Independent random variables: PMF calculation

Question

Consider random variables 𝑋 and 𝑌 . Assume that 𝑋 takes values 𝑥1,…,𝑥𝑛 with probabilities 𝑝1,…,𝑝𝑛 and 𝑌 takes values 𝑦1,…,𝑦𝑚 with probabilities 𝑞1,…,𝑞𝑚 . Assume that 𝑋 and 𝑌 are independent. Implement function joint_pmf(xvalues, xprobs, yvalues, yprobs) that takes an array of values 𝑥1,…,𝑥𝑛 as xvalues, an array of probabilities 𝑝1,…,𝑝𝑛 as xprobs and the same with yvalues and yprobs.

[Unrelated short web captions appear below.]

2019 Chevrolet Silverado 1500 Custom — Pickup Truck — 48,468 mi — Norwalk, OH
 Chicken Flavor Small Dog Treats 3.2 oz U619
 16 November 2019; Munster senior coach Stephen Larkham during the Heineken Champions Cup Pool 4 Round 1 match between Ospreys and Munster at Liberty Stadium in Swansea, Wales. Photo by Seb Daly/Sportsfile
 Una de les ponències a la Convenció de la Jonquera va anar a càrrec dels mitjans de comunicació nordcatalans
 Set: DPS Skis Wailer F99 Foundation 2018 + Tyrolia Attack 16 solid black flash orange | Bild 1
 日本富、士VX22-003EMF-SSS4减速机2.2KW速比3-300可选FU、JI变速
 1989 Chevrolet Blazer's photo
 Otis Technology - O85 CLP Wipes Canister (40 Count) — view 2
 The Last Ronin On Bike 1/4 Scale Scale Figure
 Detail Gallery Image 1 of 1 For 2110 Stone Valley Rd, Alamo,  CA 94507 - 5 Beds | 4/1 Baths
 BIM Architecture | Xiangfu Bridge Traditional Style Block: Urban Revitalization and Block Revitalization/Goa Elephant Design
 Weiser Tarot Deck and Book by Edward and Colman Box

The function should return a dictionary which keys are tuples (x, y) where x is some value 𝑥𝑖 and y is 𝑦𝑗 and corresponding values are values of joint probability mass function 𝑝𝑚𝑓𝑋,𝑌(𝑥𝑖,𝑦𝑗)

def joint_pmf(xvalues, xprobs, yvalues, yprobs):
     # your code

testdata = [([1], [1], [2, 3], [0.2, 0.8]),
            ([1, 2], [0.5, 0.5], [3, 4, 5], [0.3, 0.3, 0.4])]
answers = [{(1, 2): 0.2, (1, 3): 0.8},
           {(1, 3): 0.15,
            (1, 4): 0.15,
            (1, 5): 0.2,
            (2, 3): 0.15,
            (2, 4): 0.15,
            (2, 5): 0.2}]

for data, answer in zip(testdata, answers):
    assert joint_pmf(*data) == answer

I can't understand the task before going to the solution. For example, there are only two probabilities in testdata for 4 x values ([1], [1], [2, 3], [0.2, 0.8])? Why is there no such value in answers like x=1 and y=1? {(1,1): ...}? Could you please give an explanation or your solution?

Answer 1

def joint_pmf(xvalues, xprobs, yvalues, yprobs):
    jpm = {}
    for i in range(len(xvalues)):
        for j in range(len(yvalues)):
            jpm[(xvalues[i],yvalues[j])] = xprobs[i]*yprobs[j]
    return jpm

may be more elegant solution?